TASK ITEM
Give back every record exactly, with its pictures left out.
[[ TASK DATA, beginning ]]
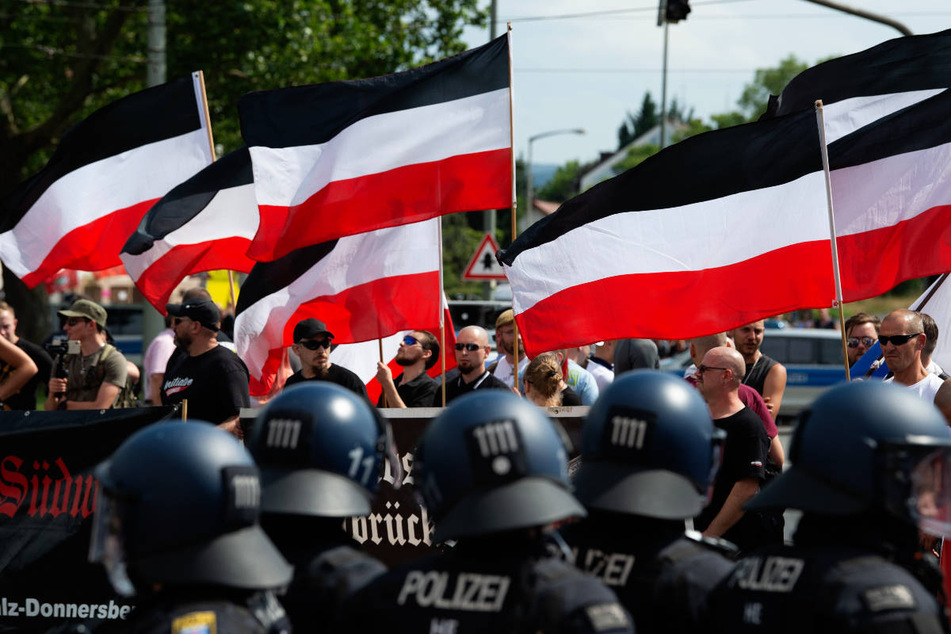 Ein Aufmarsch der rechtsextremistischen Partei "Die Rechte" 2022 in Kassel.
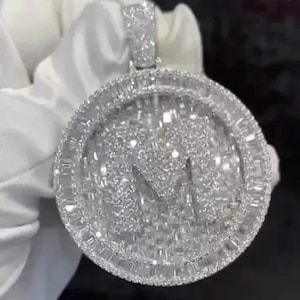 Colgante de moissanita personalizado / 3,30 quilates de peso total "Letra personalizada para hombre" / Baño de oro blanco de 14 quilates / Dije personalizado / Joyería hip hop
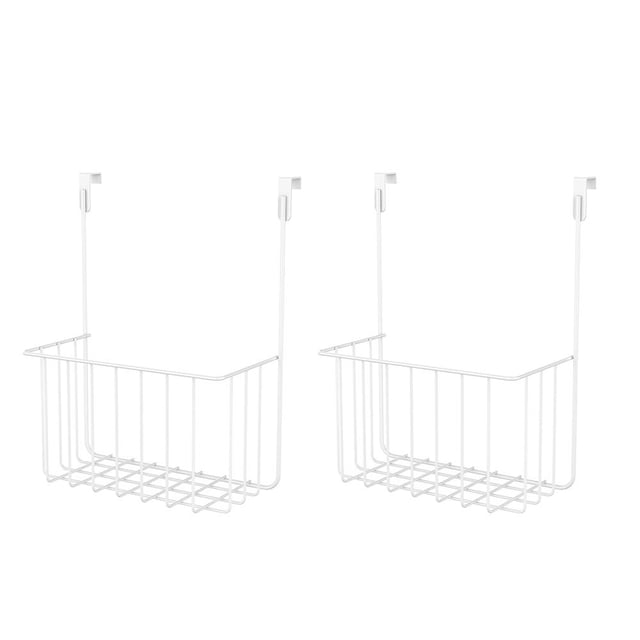 organizadores mainstays colgantes para puerta 2 piezas blanco — par de cestas colgantes de alambre con ganchos superiores para puertas, diseño abierto de rejilla y fondo de varillas para ventilación y visibilidad. Ideal para organizar artículos de cocina o accesorios de closet; también suele usarse para almacenar esponjas o botellas pequeñas.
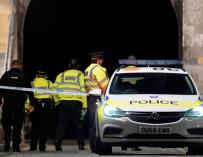 Reading (United Kingdom), 21/06/2020.- Police gather at a cordon close to the scene where reports state that three people were stabbed in Forbury Gardens, Reading, Britain, 21 June 2020. (Reino Unido) EFE/EPA/WILL OLIVER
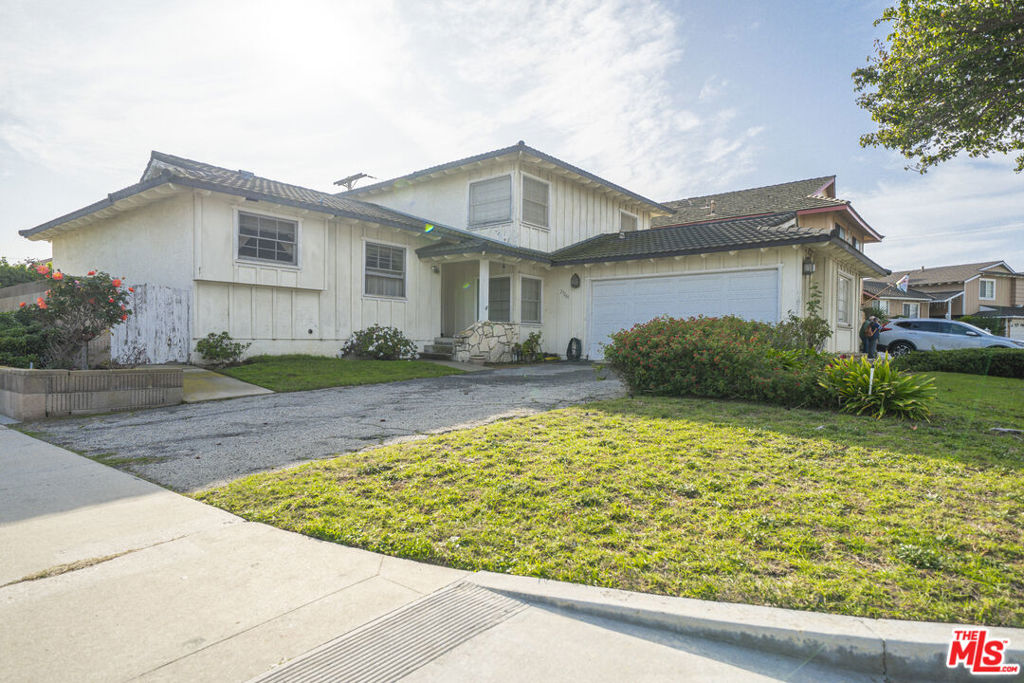 23205 Juniper Avenue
[[ TASK DATA, end ]]
SOLUTION TO THIS EXERCISE
 Ein Aufmarsch der rechtsextremistischen Partei "Die Rechte" 2022 in Kassel.
 Colgante de moissanita personalizado / 3,30 quilates de peso total "Letra personalizada para hombre" / Baño de oro blanco de 14 quilates / Dije personalizado / Joyería hip hop
 organizadores mainstays colgantes para puerta 2 piezas blanco — par de cestas colgantes de alambre con ganchos superiores para puertas, diseño abierto de rejilla y fondo de varillas para ventilación y visibilidad. Ideal para organizar artículos de cocina o accesorios de closet; también suele usarse para almacenar esponjas o botellas pequeñas.
 Reading (United Kingdom), 21/06/2020.- Police gather at a cordon close to the scene where reports state that three people were stabbed in Forbury Gardens, Reading, Britain, 21 June 2020. (Reino Unido) EFE/EPA/WILL OLIVER
 23205 Juniper Avenue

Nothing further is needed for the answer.